Steps of VQNet Installation

VQNet python package Installation

We provide precompiled Python packages for installation on Linux, Windows, macOS 13+ (arm64), supporting Python 3.10.

Download the corresponding archive from the official website, extract it, navigate to the extracted directory, and run the following steps:

# For Windows
./install.batch
# For macOS and Linux
./install.sh

For Windows and Linux systems, the pyvqnet package includes built-in acceleration features for classic neural network computations based on Nvidia CUDA, which depends on the specific version of NVIDIA CUDA 12.6 runtime libraries (automatically installed with the package). The package is optimized for the following CUDA architectures: sm_80 (NVIDIA A100, A30 series data center GPUs) and sm_86 (NVIDIA GeForce RTX 30 series consumer GPUs). Please ensure you are using a GPU that supports these architectures; otherwise, the program may not function correctly.

Important

Please note that since this package does not distinguish between CPU/GPU versions, it depends on NVIDIA CUDA runtime libraries under Windows and Linux, which are automatically installed with the package. This may cause conflicts with other software that depends on different versions.

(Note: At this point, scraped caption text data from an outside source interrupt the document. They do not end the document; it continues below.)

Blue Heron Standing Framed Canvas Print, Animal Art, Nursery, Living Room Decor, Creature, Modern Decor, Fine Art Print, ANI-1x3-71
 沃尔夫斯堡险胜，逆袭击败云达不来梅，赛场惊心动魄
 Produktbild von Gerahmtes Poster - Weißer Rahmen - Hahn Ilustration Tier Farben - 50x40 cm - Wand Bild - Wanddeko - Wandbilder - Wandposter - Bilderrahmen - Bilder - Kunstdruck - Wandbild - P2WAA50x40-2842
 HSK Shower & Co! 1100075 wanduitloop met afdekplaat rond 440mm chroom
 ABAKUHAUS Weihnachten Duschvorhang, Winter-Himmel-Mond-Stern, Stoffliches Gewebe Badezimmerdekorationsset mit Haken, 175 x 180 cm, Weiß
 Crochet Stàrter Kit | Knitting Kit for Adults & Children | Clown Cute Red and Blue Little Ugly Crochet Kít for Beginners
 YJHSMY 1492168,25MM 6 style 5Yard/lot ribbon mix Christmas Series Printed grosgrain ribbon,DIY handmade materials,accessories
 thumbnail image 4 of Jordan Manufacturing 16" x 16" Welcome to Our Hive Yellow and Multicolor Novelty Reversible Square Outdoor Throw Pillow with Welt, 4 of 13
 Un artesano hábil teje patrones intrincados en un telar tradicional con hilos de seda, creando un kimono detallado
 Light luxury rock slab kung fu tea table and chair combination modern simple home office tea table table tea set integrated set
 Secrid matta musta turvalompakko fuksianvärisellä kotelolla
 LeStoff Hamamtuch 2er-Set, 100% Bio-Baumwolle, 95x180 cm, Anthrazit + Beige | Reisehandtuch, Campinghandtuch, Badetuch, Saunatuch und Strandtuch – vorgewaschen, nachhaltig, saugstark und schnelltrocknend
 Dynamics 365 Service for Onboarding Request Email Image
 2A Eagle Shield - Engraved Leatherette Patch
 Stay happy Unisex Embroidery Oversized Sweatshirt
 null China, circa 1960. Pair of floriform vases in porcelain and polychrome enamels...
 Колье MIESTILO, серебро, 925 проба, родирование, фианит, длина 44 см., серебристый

Validate VQNet’s installation

import pyvqnet
from pyvqnet.tensor import *
a = arange(1,25).reshape([2, 3, 4])
print(a)

Testing GPU Functionality in VQNet

from pyvqnet import DEV_GPU_0
from pyvqnet.tensor import *
a = ones([4,5],device = DEV_GPU_0)
print(a)

A simple case of VQNet

Here we introduce a case that consists of classical neural network modules and quantum modules of VQNet to describe the workflow of quantum machine learning. It refers to Data re-uploading for a universal quantum classifier . Generally, there are the following parts of quantum computing module in quantum machine learning:

(1)Encoder:encoding classical data into quantum state;

(2)Ansats: training the parameters in Parameterized Quantum Gates;

(3)Measurement: measuring the value of a qubit(projection of qubit’s quantum state in a specified axis).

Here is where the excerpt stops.